Annotating H3.3 peaks with a 15-state ChromatinHMM model generated with seven histone modifications and RNA Polymerase II (RNAP2) profiles ^36,37, we found that H3.3-only peaks overlapped largely with active transcription (states 1-3) and enhancers (states 4-9) (Figure 1d, Extended Data Figure 2a). H3.3+H3K9me3 peaks were assigned to heterochromatin (states 12-14) (Figure 1d, Extended Data Figure 2a), defined by the absence of H3K4me3, H3K4me1, H3K27ac, H3K36me3 and RNAP2 ³⁷, in line with the fact that H3K9me3 appears mutually exclusive with these signatures of active chromatin. Binning the genome into 5kb windows, we found a bimodal H3.3 distribution, with regions of very high and very low levels of H3K9me3 coinciding with the highest H3.3 enrichment (Figure 1e). Overlaying the 5kb bins with repeat annotation, we confirmed that the strongest H3.3+H3K9me3 co-enrichment was linked to the presence of an IAP element (Figure 1e, Extended Data Figure 3). Further, ETn and MusD elements also defined a subset of H3.3+H3K9me3 co-enriched regions (Extended Data Figure 3). It is known that a small fraction of ETn/MusD elements are active and, in fact, highly transcribed. This is evident from elongating RNA Polymerase II running into the 3’ flanking region of few elements, and the complete absence of H3K9me3 around these elements (Extended Data Figure 4a,b). Since we cannot unambiguously attribute ChIP-Seq reads within the highly conserved ETn/MusD internal sequence to specific instances, we are not able to discern how much H3.3 incorporation can be attributed to the small fraction of active versus majority of repressed copies. Therefore, we did not further focus on ETn/MusD elements. Amongst the IAP repeat family, none of the annotated instances showed similar evidence of transcriptional activity (Extended Data Figure 4c,d), and RNA-Seq transcript levels were 1-2 orders of magnitude lower than those of ETn (Extended Data Figure 4e).

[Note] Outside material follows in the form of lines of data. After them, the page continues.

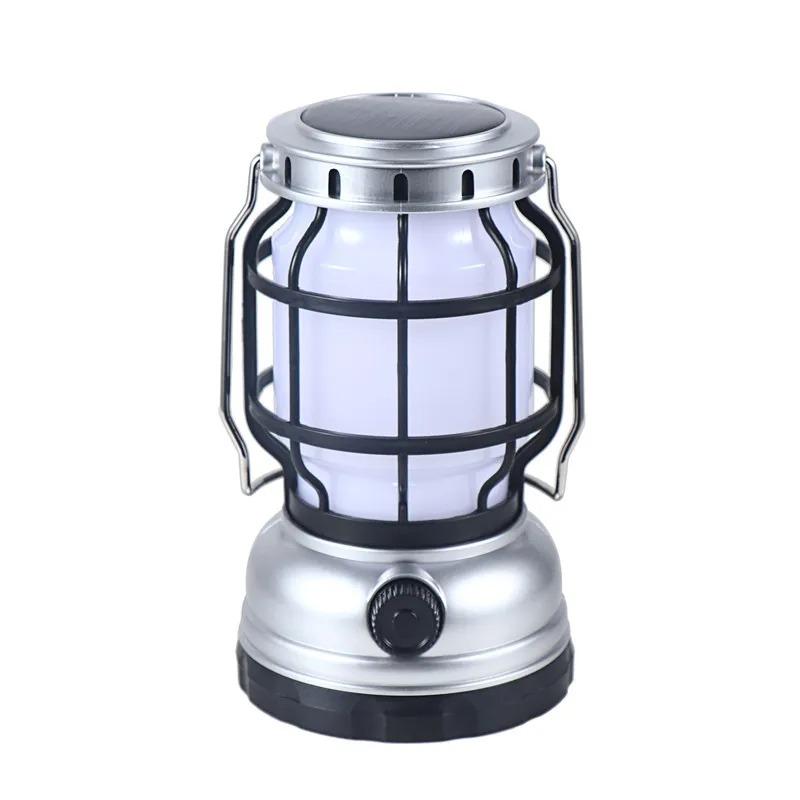 Solar Lantern Waterproof Camping Lantern Rechargeable Camping Light with Emergency Power Bank Flickering Flame Hanging LED Light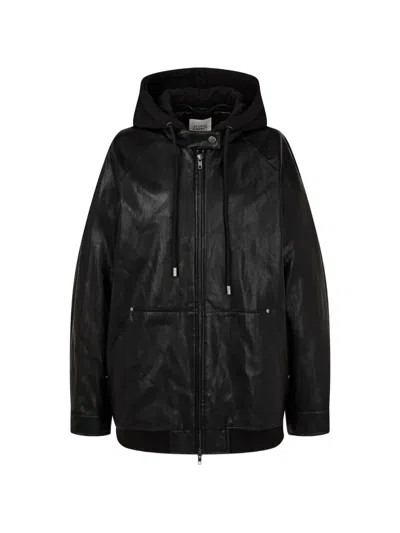 Tomboy Detachable-hood Jacket In Black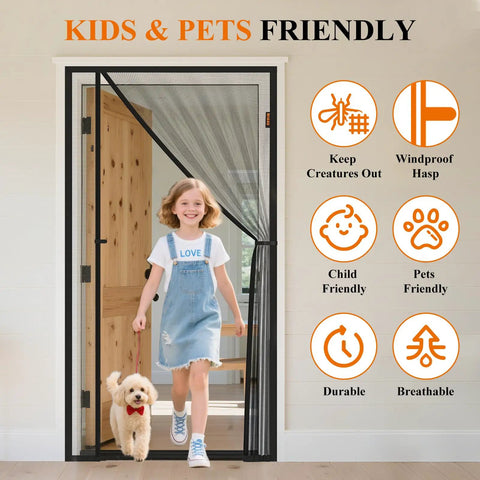 Double-Sided Magnetic Screen Door Fits 32x80 Inch Doors Left Or Right Opening Scratch-Proof Polyester Pet Friendly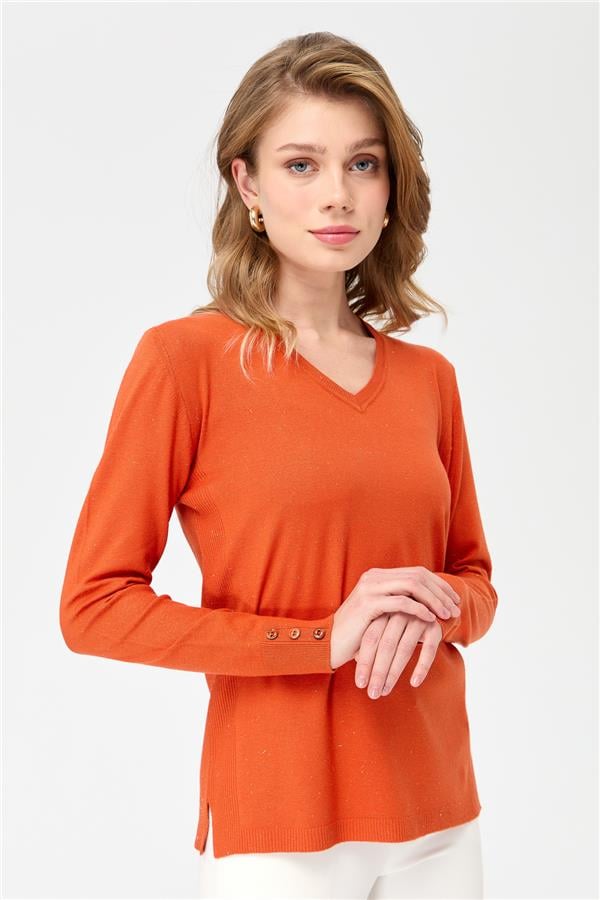 Женская блестящая блузка с рукавами на пуговицах апельсин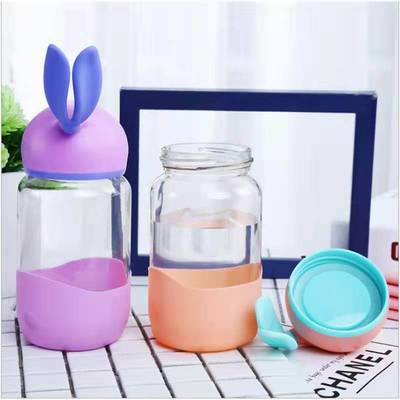 可爱兔子水杯花茶杯学生礼物儿童便携随手杯支持开业礼品制作logo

Extended Data Figure 2 - related to Figure 1d Annotation of H3.3 peaks using 15-State ChromHMM model

Barplot showing relative overlap of “H3.3-only” and “H3.3+H3K9me3” peak sets ²¹ with 15 State ChromHMM annotation, grouped by coincidence with H3K9me3 peaks. Each peak is assigned the ChromHMM15 state that overlaps with it the most. Amounts are shown as a percentage of the total peak set. H3.3-only peaks overlap the most with strong enhancers and transcription elongation states, whereas H3.3+H3K9me3 peaks overlap with heterochromatin states 12-14, defined by absence of H3K4me3, H3K4me1, H3K27ac, H3K36me3 and RNAP2 marks.

Extended Data Figure 3 - related to Figure 1e Genome-wide correlation of H3.3 and H3K9me3 is shaped by a subset of ERV families

Scatter plot showing relationship between H3.3 and H3K9me3 signal assessed over 5kb bins genome-wide. Genome was partitioned in 5kb bins and coverage enrichment was calculated as log2 fold change of each signal over their corresponding input. Color of each tile represents point density of all the bins with similar H3K9me3 and H3.3 values (on a tile-resolution of 0.1). RepMasker annotation was intersected with 5kb bins for major repeat families. Bins that overlap with the corresponding repeat type are shown in black. In the rare case where more than one element overlapped with the same bin, the repeat type that overlapped the most was adjudicated.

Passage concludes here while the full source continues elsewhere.